Si l'on cherchait à concevoir un système pour déclencher des symptômes post-traumatiques intrusifs, on ne pourrait pas faire mieux qu'un tribunal. Les femmes qui ont demandé justice dans le système juridique comparent généralement cette expérience à être violées une deuxième fois.239

HERMAN Judith Lewis, Trauma and Recovery, BasicBooks, 1992, p. 73

Les conséquences se voient d’ailleurs dans les statistiques de non-rapport des crimes sexuels puisque « la plupart des victimes de viol considèrent que les mécanismes de justice sociaux officiels leur sont fermés et choisissent de ne faire aucun rapport ou plainte officielle ».

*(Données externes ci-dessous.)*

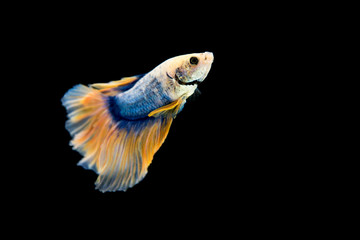 Blue and Pink Goldenbetta in black background.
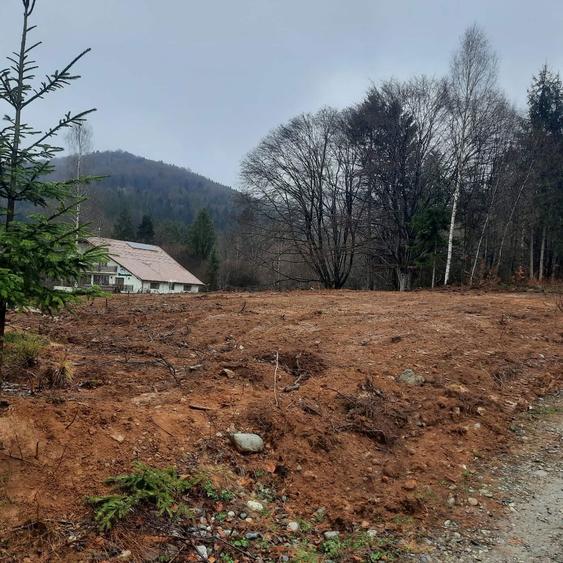 Vand teren 1000 mp (10 ari) Dragus, zona turistica de top - 3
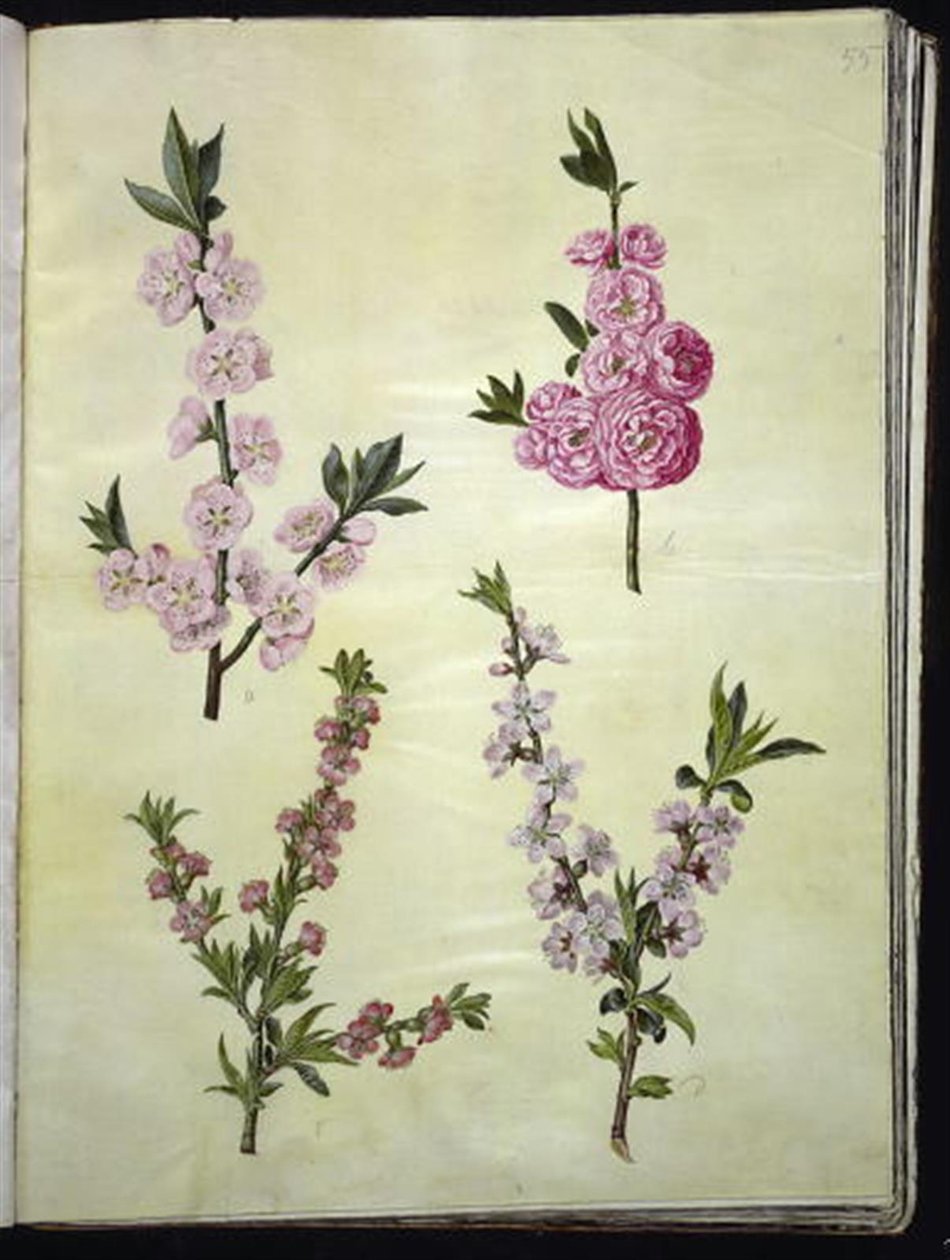 Prunus dulcis (amêndoa); Prunus persica de Hans Simon Holtzbecker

À l’époque où Herman rédigeait son livre, au début des années 90 aux États-Unis, moins d’un viol sur dix était rapporté à la police (Herman, 1992). La situation européenne actuelle diffère peu. En 2017, deux rapports gouvernementaux, respectivement britannique et français, estimaient que 17% des victimes de violence sexuelle faisaient une déclaration à la police au Royaume-Uni (Flatley, 2018), quand seulement 8 % d’entre elles portaient plainte en France (Ministère de l’Intérieur, 2017). Par leur aspect hermétique, les systèmes juridiques actuels viennent donc renforcer l’injustice inhérente au traitement social des violences sexuelles, qui deviennent alors indissociables de l'impunité des puissants.